It’s easy to look back and identify the “robber barons” of the past.  But I wonder who they are in our day and time.  I think of the entertainment moguls and the sports moguls and the financial moguls as likely candidates.  They continue to keep people enthralled in the illusion of a “good life” for those who are beautiful or talented or shrewd enough.  But in our Gospel lesson, Jesus confronted the “moguls” of his day head on.  He told them it was better for them to cut off their own hands and gouge out their own eyes than to keep oppressing people the way they were doing.  Now, Jesus knew that “sin” isn’t located in any particular body part; he was exaggerating to make a point.[4]  But I’m afraid his warning fell on deaf ears, just as it does in large part today. 
So what can we as average, everyday people do about the injustice and the inequality that pervades our world?  Well, I really do believe in a version of “think globally, and act locally.”  I really do believe that we are making a difference in this world just by keeping on with the life of “doing justly, loving mercy, and walking humbly with God.”  As we do so we can help dispel the illusion that you have to be beautiful or powerful to have the “good life.”  And Just as Jesus did, I think we too can confront those who demean and diminish others to enrich themselves—whether they’re in Hollywood or on Wall Street or in Washington. 
But I think we also have to remember that we all have diminished another at some time in our lives.[5]  We all have our own millstones around our necks.  Fortunately, the same Christ who confronts all who enhance their own welfare at the expense of another also offers to set us free from our millstones.[6]  All of us who carry millstones, whether we’re “average” or a “mover and shaker,” suffer from what we do when we diminish others.  It’s no fun walking around with a millstone around your neck!   And just as Jesus offers freedom to the oppressed, he offers us all the chance to be set free from our oppressive deeds.  Like Ebenezer Scrooge, all we have to do is change our hearts and change our ways, and our millstones come falling off.


[1] © 2012 Alan Brehm. A sermon preached by Rev. Dr. Alan Brehm on 9/30/12 at First Presbyterian Church, Dickinson, TX and at A Community of the Servant-Savior Presbyterian Church, Houston, TX.
[2] Cf. Karl Barth, Church Dogmatics 4.2:158.  He says, “It is because of His own clear-cut decision [to be about God’s business] that in the encounter with Him others must choose between Himself and all the things that perhaps seem necessary and important to them, e.g., wealth or satisfaction or pleasure or reputation.”  It seems to me that justice is the heart of the “business” that Jesus said he must be engaged in.

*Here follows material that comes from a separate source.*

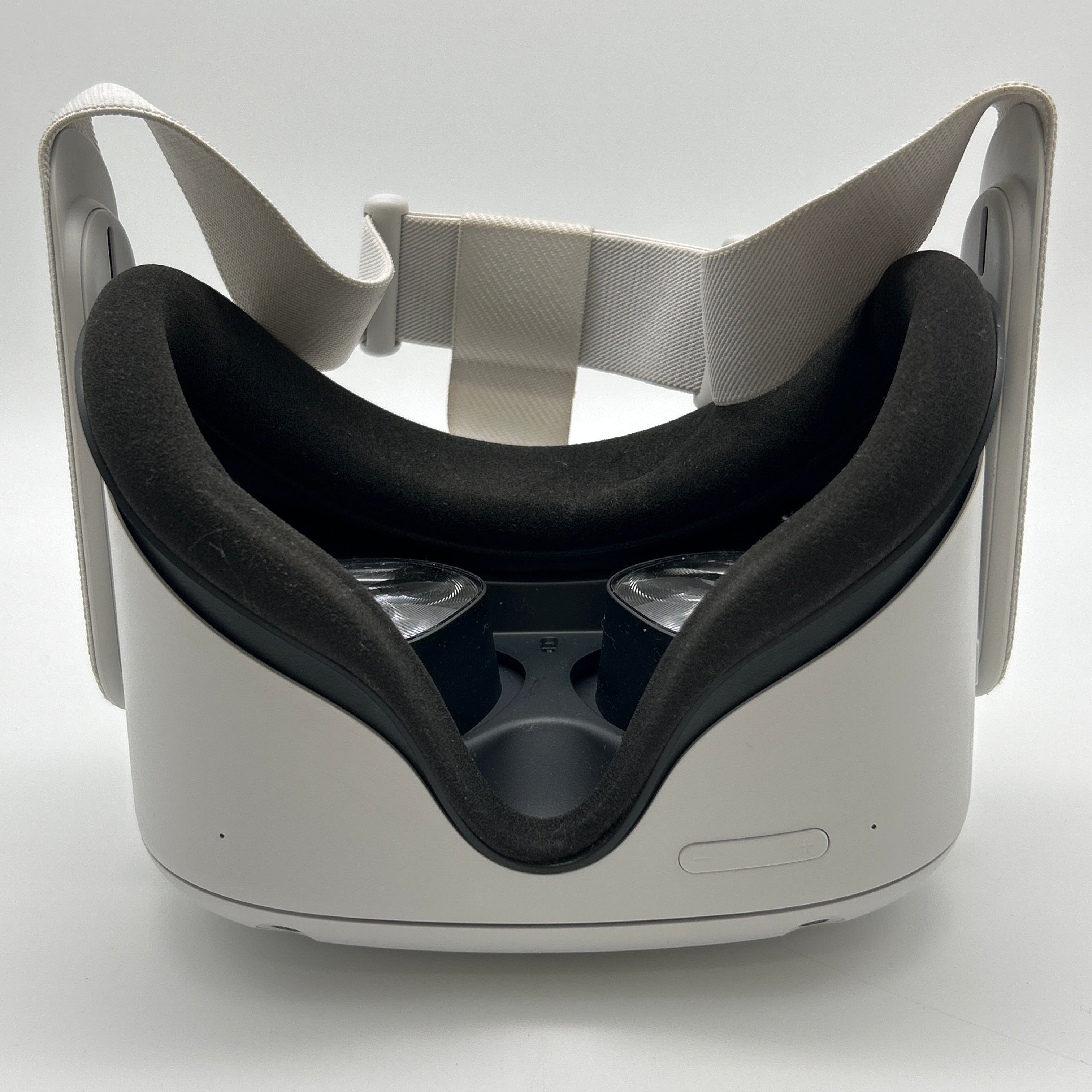 Meta Quest 2 KW49CM VR Headset 128GB White - Used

[3] Cf. Craig A. Evans, Mark 8:27-16:20, 74: “Arrogance, self-absorption, insensitivity, and tyranny are all negative attitudes that frequently lie behind the desire to be first and to be the greatest (9:34). Just as frequently these attitudes cause people to stumble, especially the younger, weaker, and less influential. Far from seeking positions of power, Jesus’ disciples should seek opportunities for service. Rather than causing the little ones to stumble, the disciples must help them stand and grow in faith. The matter is so important to Jesus that he describes the dire consquences in shocking hyperbole: better to drown oneself in the sea than to offend a little one.”
[4] Cf. Ronald Goetz, “The Costliness of Grace,” The Christian Century (Feb 6, 1986):111: “To be sure, the hand-chopping, eye-plucking remedy for sin could never work, if for no other reason than the fact that we have more sins than we have bodily parts.”  Cf. also A. Y. Collins and H. W. Attridge, Mark, 452; Pheme Perkins, “The Gospel of Mark,” New Interpreters Bible VIII:641.
[5] Cf. Joel C. Marcus, “The Millstone,” The Christian Century (Sept 13, 2000):902.
[6] Cf. Marcus, “Millstone,” 902: “The calculus of revenge seems too complicated! There must be some other equation, or no hope will remain for any of us. And, indeed, the New Testament seems to hint at another equation when Paul says that God has imprisoned all human beings in disobedience in order that he might have mercy upon all (Rom. 11:32).”